En réaction, les autorités de régulation en Europe et aux États-Unis s'apprêtent à exiger des grands utilisateurs d'IA qu'ils rendent compte de leur impact sur l'environnement. Les agences de notation et les clients accordent une plus grande attention aux questions environnementales, sociales et de gouvernance (ESG) telles que les émissions de carbone, explique Faith Taylor, vice-présidente pour le développement soutenable et responsable ESG chez le fournisseur de services d'infrastructure Kyndryl. En outre, dit-elle, « les employés, en particulier ceux de la jeune génération, disent qu'ils ne travailleront pas dans une entreprise qui n'a pas certains objectifs environnementaux. Nous considérons que c'est un facteur de recrutement et de fidélisation ».
Alors que les efforts en matière de développement durable deviennent de plus en plus prioritaires, voici quatre façons permettant aux entreprises de rationaliser l'impact environnemental de leurs investissements dans l'intelligence artificielle.
Miser sur des processus et architectures plus efficaces
Boris Gamazaychikov, responsable de la réduction des émissions chez le fournisseur SaaS Salesforce, recommande d'utiliser des modèles d'IA spécialisés afin de réduire la puissance nécessaire pour les entraîner. « Est-il nécessaire qu'un modèle capable d'écrire un sonnet écrive du code informatique pour nous ?, interroge-t-il. Nous pensons que non. Notre approche a consisté à créer des modèles spécifiques pour des cas d'utilisation spécifiques plutôt qu'un modèle polyvalent. »
Il recommande également d'exploiter la communauté des logiciels libres pour trouver des modèles qui peuvent être pré-entraînés pour diverses tâches. Il cite, par exemple, le Llama-2 de Meta, dont plus de 13 000 variantes ont déjà été créées. « Ces 13 000 nouveaux modèles ne nécessitent pas de pré-entraînement, précise-t-il.
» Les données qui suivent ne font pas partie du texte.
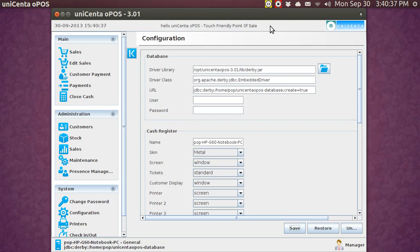I'm going to go ahead and quit recording, reboot, and then I'll come back and splice these videos together. And I'm going to open up Unicenta, and you'll see what the customer display looks like when you open up Unicenta.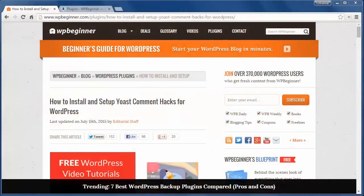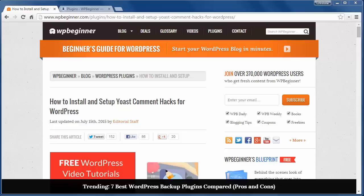Welcome to WPBeginner and thank you for watching. In this video we'll install and set up Yoast Comment Hacks for WordPress. This is a great way to handle your comments on your site.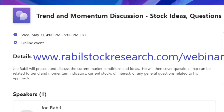I'm going to be doing a live webinar on May 31st from 4 to 5 Eastern Time. I'm doing this for my subscribers, but I am inviting other people to join. It is a free webinar. We're going to discuss the market and some ideas, and I'm going to cover some questions that I've gotten from subscribers. You can register at www.rabilstockresearch.com/webinar and it'll take you to the registration information.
Pensez à la quantité de calcul et aux émissions de carbone que cela permet d'économiser. L'équipe de recherche en IA de Salesforce a également mis au point des méthodes telles que le parallélisme maximal », ajoute-t-il. Cette approche répartit efficacement les tâches à forte intensité de calcul afin de réduire la consommation d'énergie et les émissions de carbone.
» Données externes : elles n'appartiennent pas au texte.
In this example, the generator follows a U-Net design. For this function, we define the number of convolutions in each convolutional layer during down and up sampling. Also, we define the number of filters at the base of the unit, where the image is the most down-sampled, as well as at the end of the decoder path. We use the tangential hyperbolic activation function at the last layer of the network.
Plutôt que d'entraîner le modèle sur l'ensemble des données d'entraînement en une seule fois, Salesforce le fait en plusieurs étapes - appelées "époques" - au cours desquelles une partie des données est légèrement modifiée à chaque fois en fonction des résultats de l'entraînement précédent. Cela permet également de réduire la consommation d'énergie.
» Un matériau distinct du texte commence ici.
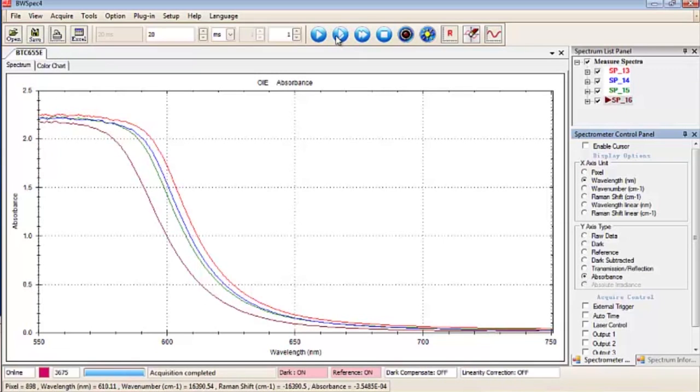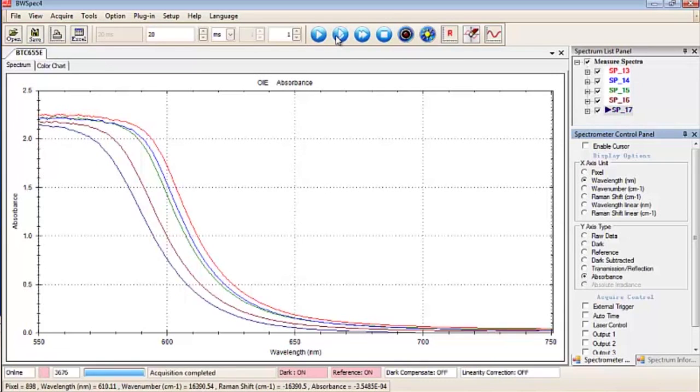And why do we have to take so many samples for this one? Well, one of the reasons is that if you have an unknown compound, what you can do is take all this data that we're measuring and export it to Excel and plot a calibration curve. So if you have an unknown concentration, from your calibration curve you can determine what concentration it is.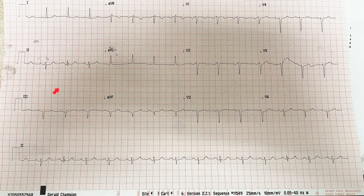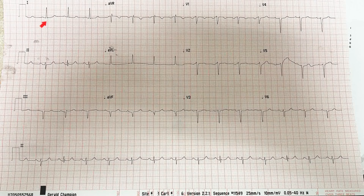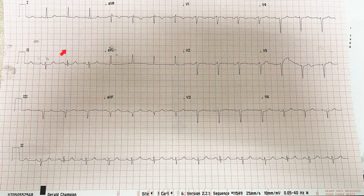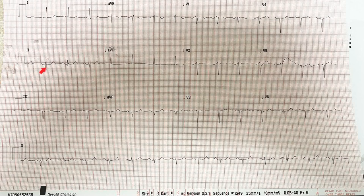I'll use the manual method: between the R intervals there are almost three and a half boxes, so the rate is around 80 — the patient is neither tachycardic nor bradycardic. For the axis, I look at lead 1: there is an upright, positive QRS in lead 1 and a negative QRS in AVF, so this is left axis deviation. Whenever I see left axis deviation, I immediately look at lead 2 — if it's negative, then this patient has a left anterior hemifascicular block. Left axis deviation with negative lead 2 equals left anterior hemifascicular block.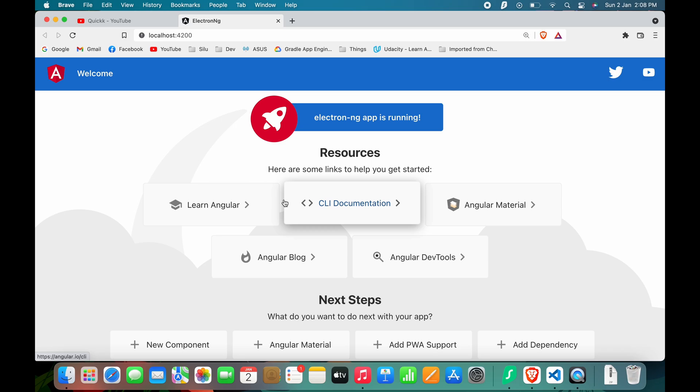So our Angular web app is ready with the boilerplate UI elements. Since Angular is a component-based framework, we need to generate HTML files. The ng build command generates the output HTML files in the dist folder.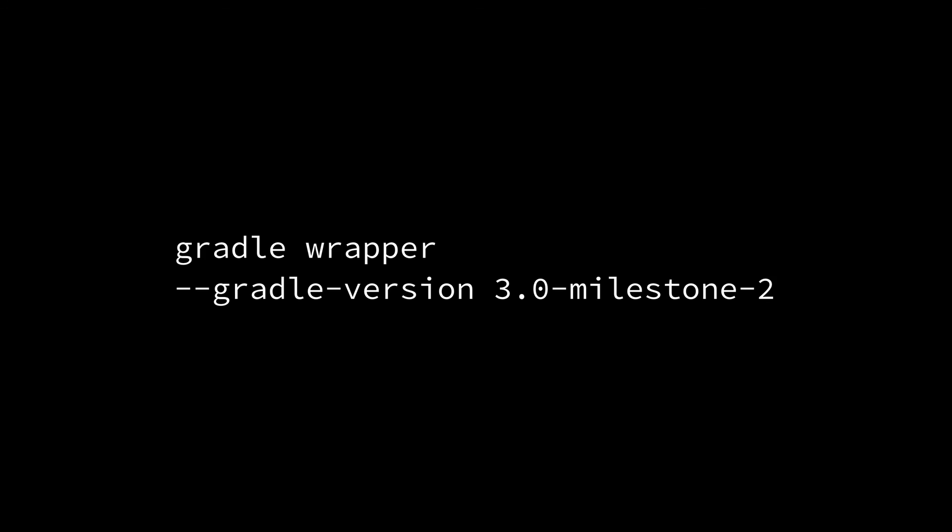More to come. But, for now, you can try this out in Gradle 3.0 milestone 2. Please do, and give us some feedback at discuss.gradle.org. Thank you.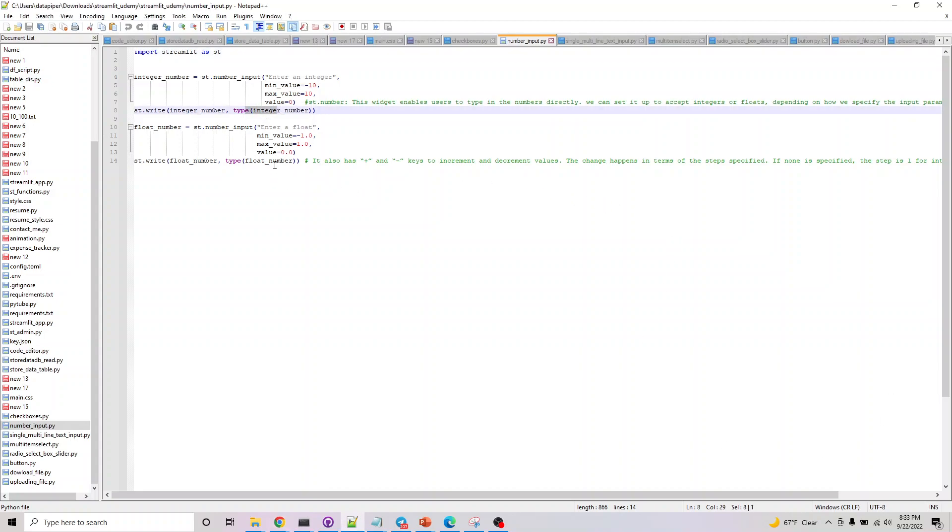That's basically how we list it here in the type. After we do that, we can specify a couple of input parameters. We also have how much we want to increment and decrement by. This change happens in the steps we specify. If we don't specify anything, it's 1 for integer and 0.1 for floating point number.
Certains hyperscalers proposent aussi des outils et des conseils pour rendre l'IA plus durable, comme Amazon Web Services, qui fournit des conseils sur l'utilisation des technologies serverless (pour éliminer les ressources inactives), des outils de gestion des données et des jeux de données. AWS propose également des modèles pour réduire le traitement et le stockage des données, ainsi que des outils pour « dimensionner correctement » l'infrastructure pour une application d'IA. S'ils sont utilisés correctement, ces outils peuvent aider à minimiser les ressources de calcul nécessaires à l'IA, donc son impact sur l'environnement.
Utiliser moins de données
La réduction de la taille du ou des jeux des données utilisés pour entraîner un modèle est l'un des moyens les plus efficaces de minimiser la consommation d'énergie et les émissions de carbone liées à l'IA. « Il est possible de réduire la taille de nombreux modèles d'IA d'un ordre de grandeur tout en ne perdant que deux à trois pour cent en précision », explique le professeur Amanda Stent, directrice du Davis Institute for Artificial Intelligence du Colby College. « Ces techniques sont bien connues, mais elles ne sont pas aussi bien utilisées qu'elles pourraient l'être, car les gens sont séduits par l'idée véhiculée par les modèles de grande taille. » Il faut également tenir compte de l'attention que ces derniers ont reçue dans la presse.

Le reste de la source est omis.